--- Data records Enclosed Below ---

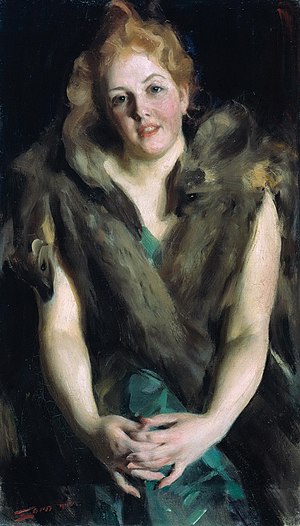 Maja (Anders Zorn)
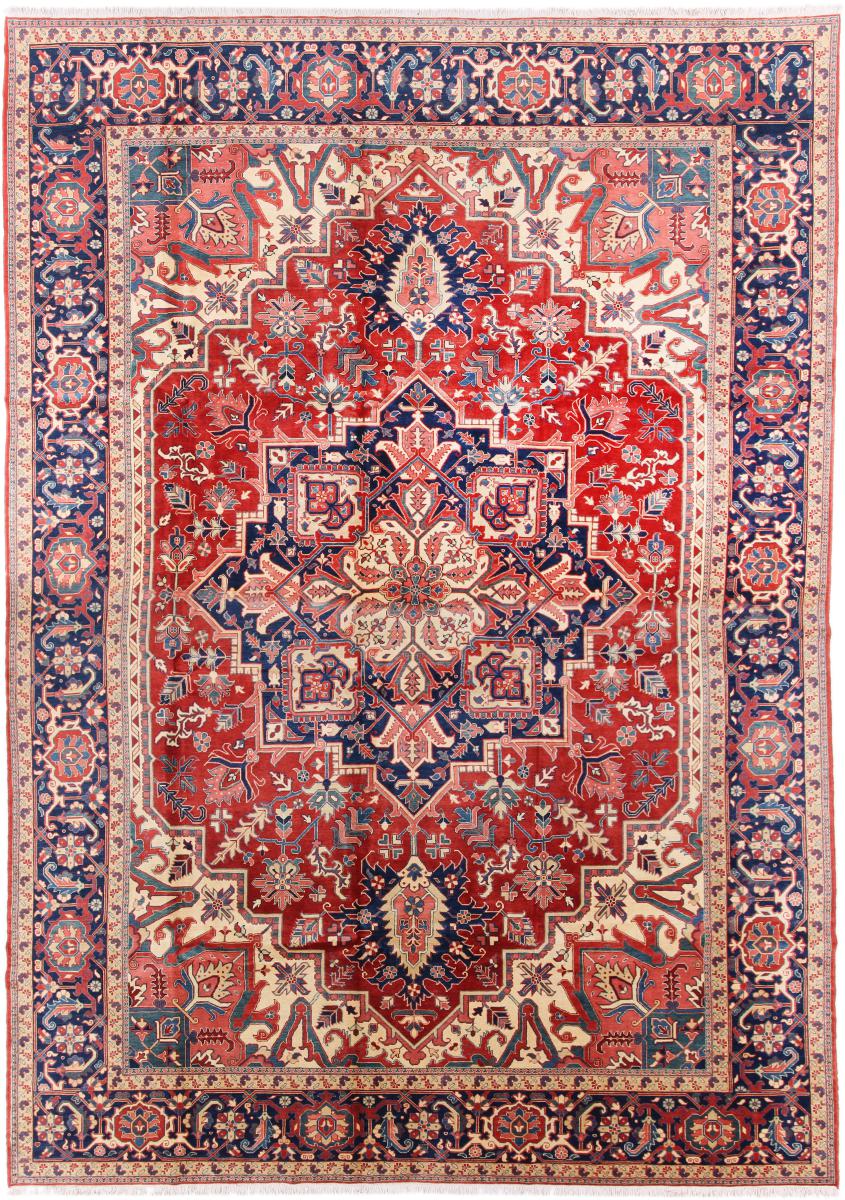 Persian Rug Heriz 510x362 510x362, Persian Rug Knotted by hand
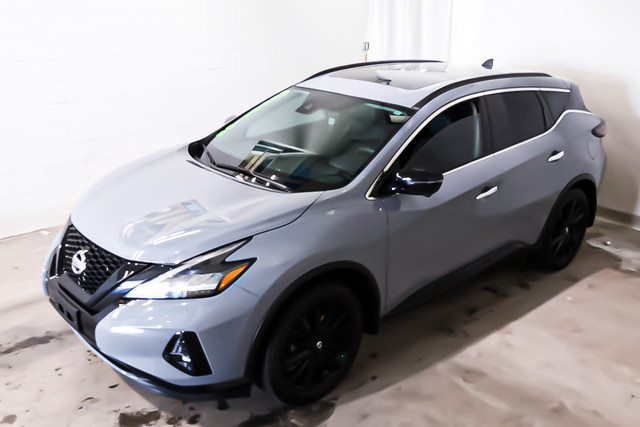 2021 Nissan Murano SL MIDNIGHT EDITION + AWD +CUIR + TOIT PANO C in Cars & Trucks in Laval / North Shore - Image 3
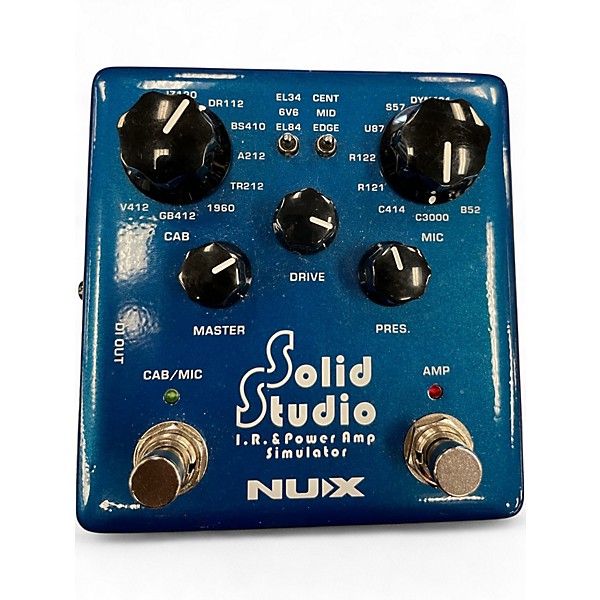Used NUX Solid Studio Battery Powered Amp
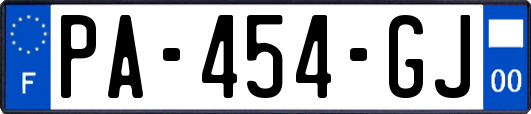 PA-454-GJ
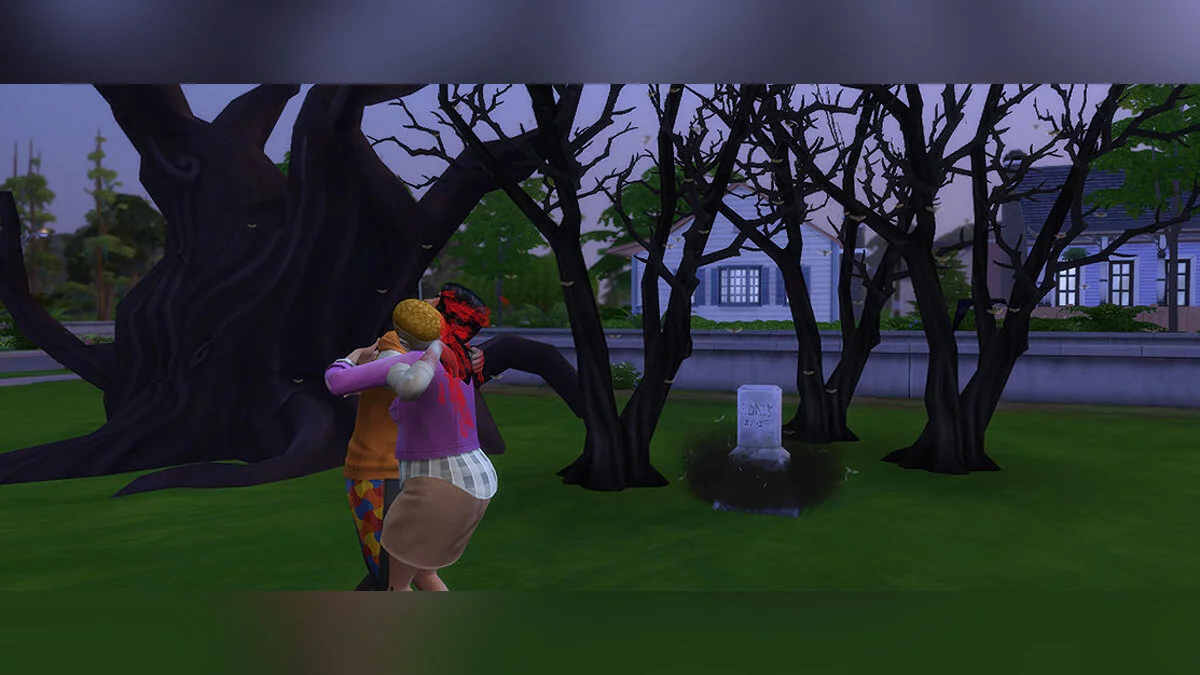 The Sims 4 — Зомби апокалипсис v 1.1.6 SD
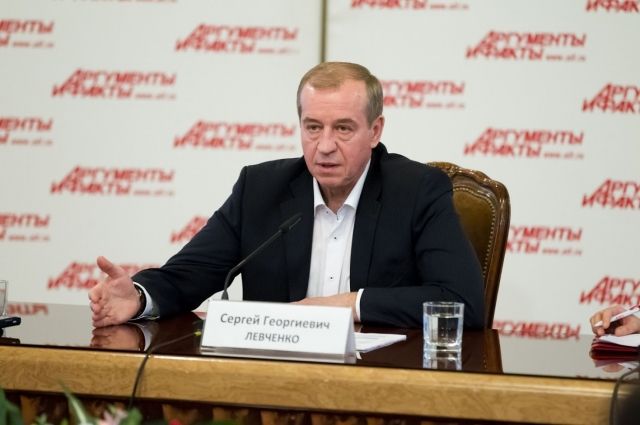 Экс-губернатор Приангарья дал комментарий о задержании сына Андрея Левченко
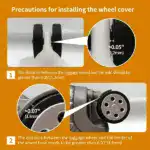 Luggage Wheel Protection Cover - Set 12 PCS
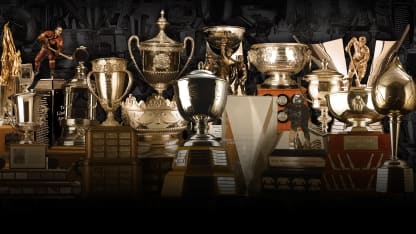 NHL 100 Trophies & All Time Winners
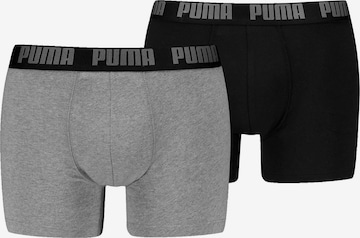 PUMA Boxeralsók - szürke: elől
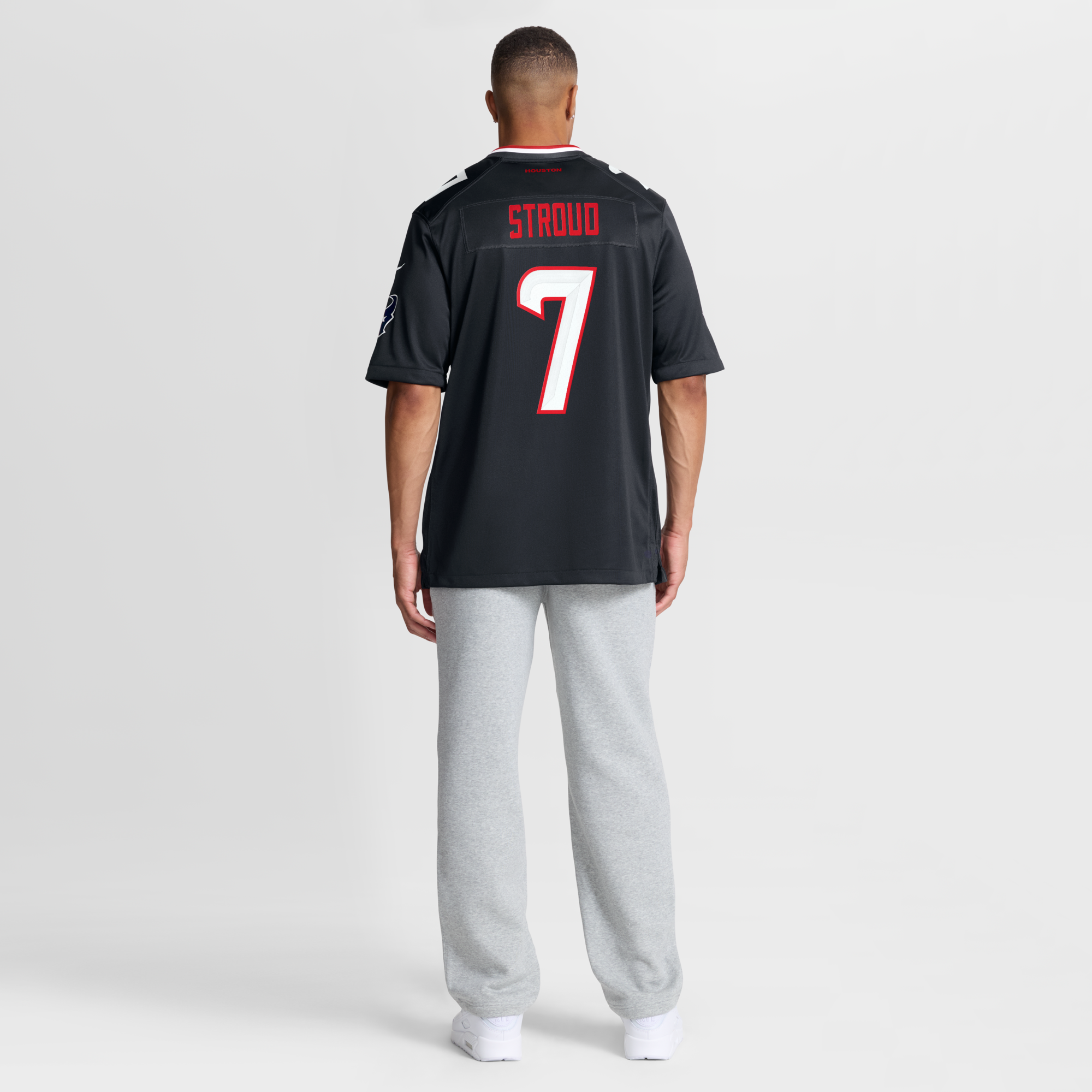 Houston Texans C.J. Stroud Nike Navy Game Jersey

--- End of Enclosed Data records ---

### Required work
Skipping the pictures, transcribe each line above exactly as it appears.

### Solution for this problem
 Maja (Anders Zorn)
 Persian Rug Heriz 510x362 510x362, Persian Rug Knotted by hand
 2021 Nissan Murano SL MIDNIGHT EDITION + AWD +CUIR + TOIT PANO C in Cars & Trucks in Laval / North Shore - Image 3
Used NUX Solid Studio Battery Powered Amp
 PA-454-GJ
 The Sims 4 — Зомби апокалипсис v 1.1.6 SD
 Экс-губернатор Приангарья дал комментарий о задержании сына Андрея Левченко
 Luggage Wheel Protection Cover - Set 12 PCS
 NHL 100 Trophies & All Time Winners
 PUMA Boxeralsók - szürke: elől
 Houston Texans C.J. Stroud Nike Navy Game Jersey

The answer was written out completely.